Beacon Pines (Xbox Series X)
In many Choose Your Own Adventure books, if a choice sends you down the wrong path, it’s usually to a quick bad ending or an alternate route that doesn’t quite wrap up the tale in its totality. These usually negative outcomes are often self-contained regardless, but in the narrative-focused video game Beacon Pines, going down the wrong path is vital to understanding the right one. Presented as a story being written, you will reach junction points where your decisions can send the game down quite a long narrative road only for it to terminate in a finale that doesn’t cover every detail. By going back to the earlier choices and using new options you will eventually get down the right path, but more interestingly every path is right in some way as it helps you better understand certain story details or the personality of some characters despite them never getting to crop up on the route that actually carries you to the credits.
The city of Beacon Pines exists at a crossroads of cozy, creepy, and comedic, the small town having some gorgeous art and lush foliage despite the game’s choice to have things presented like an interactive book illustration. The close-knit town where everyone knows everybody though has recently caught the eye of a large corporation that’s engaging in suspicious activities, the ones who end up investigating it being a trio of 12 year olds. Almost everyone in Beacon Pines is some sort of anthropomorphic mammal, and Luka the deer is the character we follow as he ends up being the one who prods at the mysteries hiding behind the friendly face of the little community. While you will dig into some moments that are eerie, suspenseful, or even heart-breaking, Beacon Pines avoids becoming a horror story and contains far more funny moments than tearjerkers. Luka’s best friend Rolo is an upbeat companion whose love of sci-fi comics has clearly bled into how he perceives the world, but the more level headed Beck can be more wry. The kids in Beacon Pines are perhaps written to be a bit too clever and mature for their age, but at the same time the game does take special time to zero in on the emotional issues of Luka and Beck especially, exploring some reasonable woes for pre-teens like the emotional weight of Luka’s father’s death or how Beck feels unable to fit in as the new kid in town with a bit of a sarcastic personality.

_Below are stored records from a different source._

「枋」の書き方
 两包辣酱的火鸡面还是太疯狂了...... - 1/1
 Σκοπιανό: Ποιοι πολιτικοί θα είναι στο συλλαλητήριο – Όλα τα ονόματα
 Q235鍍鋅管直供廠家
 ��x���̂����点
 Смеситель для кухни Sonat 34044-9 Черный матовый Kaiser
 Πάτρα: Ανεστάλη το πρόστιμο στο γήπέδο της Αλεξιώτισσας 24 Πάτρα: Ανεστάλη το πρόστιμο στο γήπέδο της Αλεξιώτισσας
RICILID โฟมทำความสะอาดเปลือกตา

That is one reason that the paths taken in Beacon Pines can feel so vital even if they eventually reach a dead end that doesn’t truly resolve the mysteries of Beacon Pines. A pivotal scene between Luka and Beck that digs deeper into how they deal with their problems is on a branch that ultimately culminates in a bad ending, but when you take a different route, you’ll know these details and they can inform how you view these characters. This can even apply to characters of lesser importance, an alternate outcome to the story giving the game some time to develop them, and even though the game’s true finale can’t resolve the elements that didn’t crop up in its specific timeline, it does at least try to address the fate of those characters who you did come to know in a doomed branch of the story. Playing Beacon Pines does have interactive moments like exploring the town, but mostly your role will be as an observer until a point in the plot emerges where you are asked to pick from a set of Charms you’ve collected. Around town or over the course of the story, Charms can be acquired that represent certain actions or emotions. Some are easy to interpret, if the Tickle Charm comes up as a choice, someone will get tickled, but at other times, even with a sentence with a blank to fill in to prompt you, it’s hard to say what picking a Charm like Strange might do.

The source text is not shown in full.